I had waited through the morning heat, the humidity embryonic and cloying, wondering if I’d get a ride in, if the worst of it would burn off or give way to one of those summer rains that leaves everything steaming and bright and clean. I did that annoying thing where you check the weather app on your phone every ten minutes, willing it to tell you a lie. With my most cherished (and hardest) ride of the year coming up, I didn’t think I could skip a Saturday’s suffering.
So at 4:14 I rolled out. It was 92F and still forbiddingly muggy, not the time to take on a set of hill repeats, but having squandered the morning, and with a bellyful of fear for being tragically under-trained coming into the high season, I didn’t feel I had any other choice.
Fortunately, I live at the top of a tall rise, a frequent training ground for the city’s more pain-inclined cyclists, and the best route to repeat is a mere 150 meters south of my driveway. For the first lap, I cut into the hill halfway up giving my legs a chance to understand what they were in for, before diving down clear to the bottom to begin the real suffering.
Now, I love climbing. If I was made to do anything on a bike (and that’s a highly debatable proposition), it’s climbing. I love the struggle and the rhythm of it and the way it washes your brain clear of everything but the effort. I don’t often do hill repeats, because I don’t often take on structured training, but if I do train it’s on the side of a steep hill. It’s a hard way to clear your head, but I am willing.
This particular hill also affords a sweeping view of the Boston skyline from Dorchester clear north to Somerville. There is a sprawling park very near the top, and thousands gather there on the 4th of July to watch the Boston fireworks. When flaying yourself with the lash of hill repeats, that view serves as a nice reward for every crest reached.
I worked at it for about an hour, up-and-down, up-and-down, with cars swishing lazily past me, the zipper of my jersey creeping closer and closer to my navel, everything succumbing to the torpid heat, my pace devolving from the first eager climbs to the final, staggering haul.
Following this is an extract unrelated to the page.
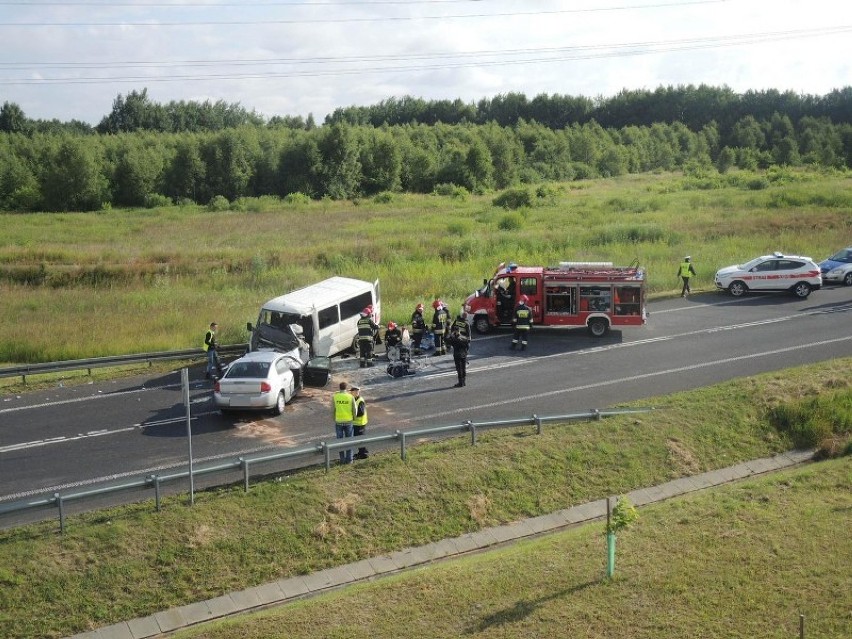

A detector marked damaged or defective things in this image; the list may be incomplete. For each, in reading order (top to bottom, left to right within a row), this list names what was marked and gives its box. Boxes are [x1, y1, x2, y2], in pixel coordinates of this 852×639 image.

rusty guardrail section [0, 410, 660, 536]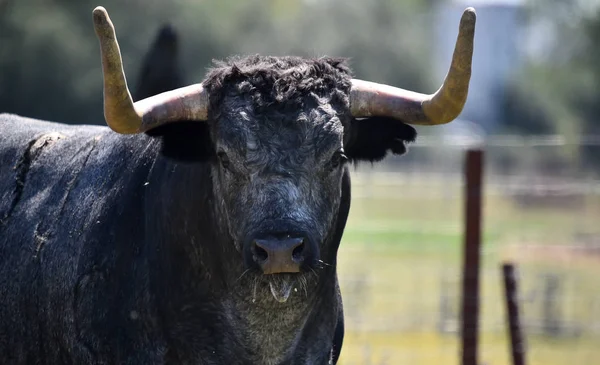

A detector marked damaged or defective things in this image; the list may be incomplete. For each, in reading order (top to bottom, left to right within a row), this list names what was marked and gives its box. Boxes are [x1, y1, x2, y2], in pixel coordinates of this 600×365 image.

Once I’d satisfied myself that I’d hurt enough, I went and spun my legs out on a slightly flatter route, everything feeling heavy, my head steaming.
And then the shower and the dinner plan, the kids splayed in front of the TV watching a movie and me in the car. The air-conditioning did its hot/warm/cold thing, and the music washed through me like a party drug. Endorphins and seratonin swirled, and the world outside ceased spinning, stopped rushing forward frantically, frenetically, for just a minute.
This is what I want, what I always wanted, the same stillness I get as I’m rocking gently in the saddle, pressed against that hill. I want to bring it with me, off the hill and into the house, to share it with my wife and kids and have it suffuse everything I do with clarity.
It’s not like that though. Its impermanence magnifies its brilliance. Scarcity raises demand. The high fades, even as legs buzz from the effort still, emptiness echoing in my gut. Hill repeats in high-summer heat? Yes. And another ride the next day, chasing, always chasing, just that minute of peace.